The authors propose default values of 0.9 for \(\beta_1\), 0.999 for \(\beta_2\), and \(10^{-8}\) for \(\epsilon\). They show empirically that Adam works well in practice and compares favorably to other adaptive learning-method algorithms.


After the Adam optimizer was introduced, few studies began to discourage to us Adam and showed several experiments that SGD with momentum is performing better. In the end of 2017, Ilya Loshchilov and Frank Hutter announced improved version of Adam optimizer in the paper The Marginal Value of Adaptive Gradient Methods in Machine Learning. They pointed out that the way weight decay is implemented in Adam in every library seems to be wrong and proposed a way to fix it called AdamW.

The main contributions of the AdamW paper is to improve Adam’s performance:

  • Decoupling weight decay from the gradient-based update
    • The author suggest to use the original formulation of weight decay to decouple the gradient-based update from weight decay.
  • Normalizing the values of weight decay
    • The author propose to parameterize the weight decay factor as a function of the total number of batch passes.
    • This leads to a better invariance of the hyperparameter settings.

AdamW algorithom


Figure: Learning curves (top row) and generalization results (bottom row) obtained by a 26 2x96d ResNet trained with Adam and AdamW on CIFAR-10. See text for details. SuppFigure 5 (supplemental material) shows the same qualitative results for ImageNet32x32.

Visualization of Algorithms

As shown in below images, the adaptive learning-rate methods, i.e. Adagrad, Adadelta, RMSprop, and Adam are most suitable and provide the best convergence for these scenarios.

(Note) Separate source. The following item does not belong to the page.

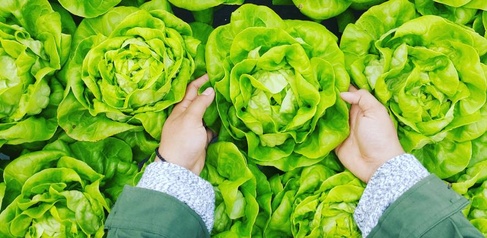 The key role of food systems in biodiversity restoration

  • In the below image, we see their behaviour on the contours of a loss surface over time.
    • Note that Adagrad, Adadelta, and RMSprop almost immediately head off in the right direction and converge similarly fast, while Momentum and NAG are led off-track,
    • NAG, however, is quickly able to correct its course due to its increased responsiveness by looking ahead and heads to the minimum. SGD optimization on loss surface contours
  • In the below image, it shows the behaviour of the algorithms at a saddle point.
    • Notice here that SGD, Momentum, and NAG find it difficulty to break symmetry.
    • Although the two latter eventually manage to escape the saddle point, while Adagrad, RMSprop, and Adadelta quickly head down the negative slope.

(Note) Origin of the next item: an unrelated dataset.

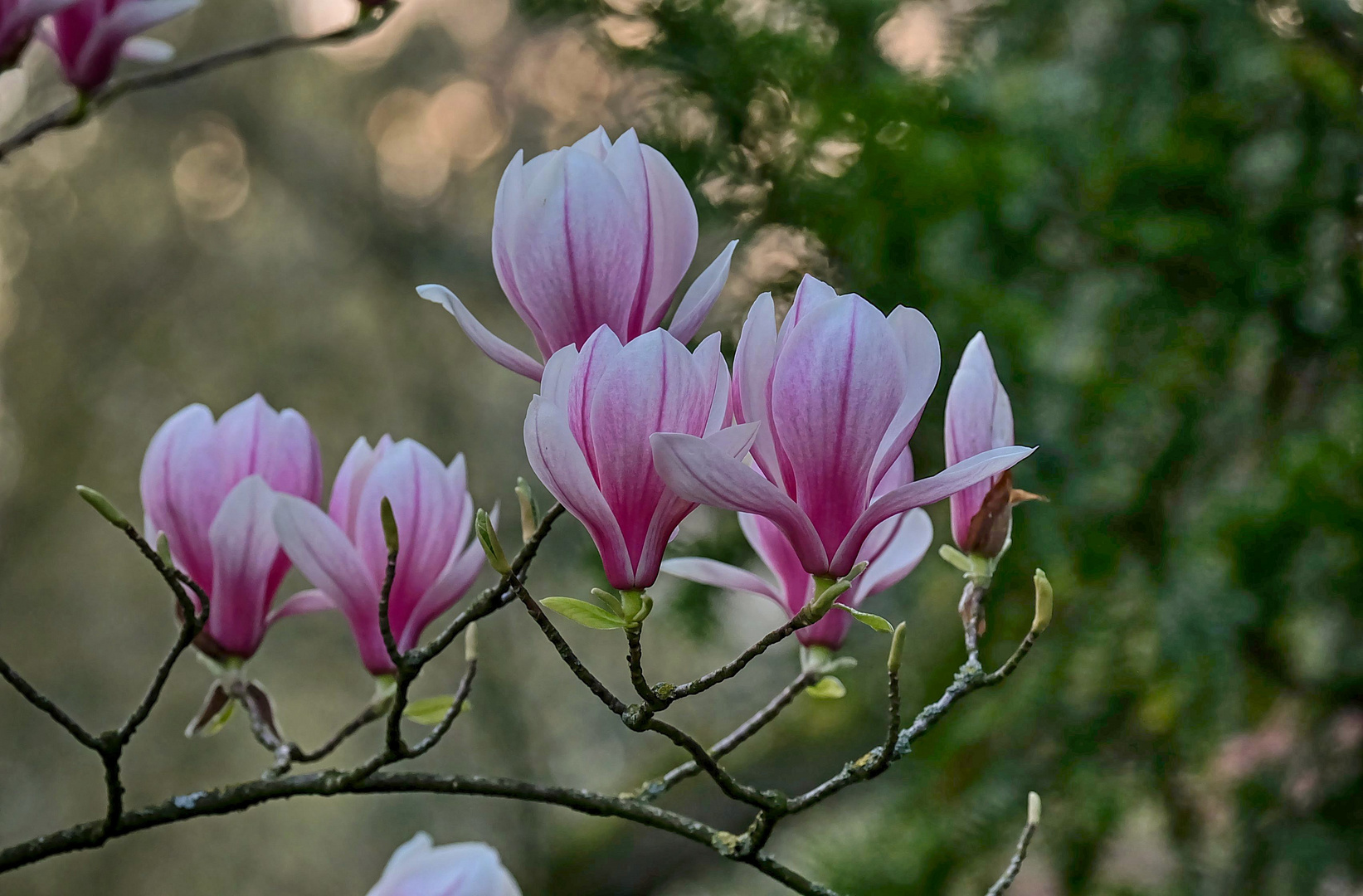 Magnolien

SGD optimization on saddle point

Which Optimizer to Use?

  • If the input data is sparse, then using one of the adaptive learning rate methods will give the best results.
    • One benefit of using them is that you would not need to tune the learning rate.
  • If you want fast convergence and train a deep or complex network, choose one of the adaptive learning rate methods.
    • Adam works well in practice and outperforms other adaptive techniques.
  • Some people say Adam does not generalize as well as SGD with Momentum.
    • Usually, it is because of choosing poor hyperparameters.
    • Adam generally requires more regularization than SGD, so make sure to adjust regularization hyper-parameters.